I was surprised at that, her words of idealistic support still echoing in my head. “They have a fight?”
“Don’t know. The only three words I got out of him were, ‘She left me.’”
He parked and we got out of the car, hearing the ambulance’s back-up alarm beeping in the night air as it edged toward the emergency room’s loading dock. “He’s in a world of hurt, Joe.”
His voice had the pain of a grieving father.
We sat watching a muted TV in the waiting room while they tended to his needs, giving him X-rays, IV medications, and neurological tests. A nurse came in at one point and asked if we’d like the sound turned up. We immediately declined, preferring the silence.

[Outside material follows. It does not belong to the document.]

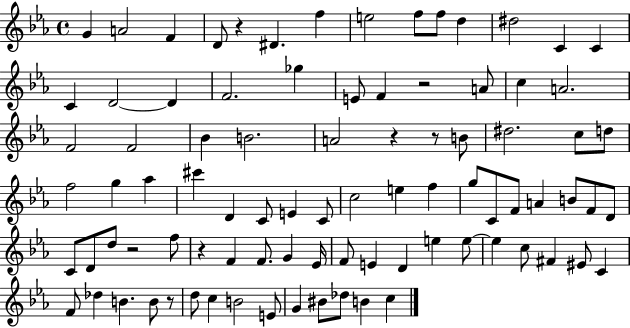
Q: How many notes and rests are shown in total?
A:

A half hour later a middle-aged woman with an enormous purse stepped into the room from the lobby. She was small and trim, with shoulder-length straight red hair parted down the middle and held back in a ponytail. She paused when she saw us.
“Are you Lieutenant Gunther?” she asked me.
“Yes.” I rose and shook her hand.
“Barb Southworth.”
I gestured behind me. “Billy Manierre.” Billy half rose and waved.
“John’s told me about both of you. He thinks very highly of you.”
“Glad to hear it. You’re a friend?”
She smiled. “More like a war buddy. I’m an alcoholic, too. John had one of the nurses call me. He wanted me to talk to you.”
A nurse appeared from the hallway. “Did one of you want to interview the police officer?”
Billy stood up and tucked his clipboard under his arm. “I’ll handle the paperwork. You two chat.”
Southworth caught the tone of his voice. “How far is John in trouble?”
“Tonight’s little trick alone is a criminal offense, and the papers are going to have a ball with it. How long have you known him?”
She sat in the chair next to mine. “Several years. We met at the Retreat.”
The Retreat, along with being a mental-health center, also treated for substance abuse. “AA?”
“Yes, but we were there at different levels. I was on the bottom and had little left to lose except my life. John had a long way to go. He was there because his job depended on it.”
I caught the implication, as well as the time reference. Their meeting would have been right after John had been caught drinking on the job at the elastics factory. “Didn’t he kick the habit?”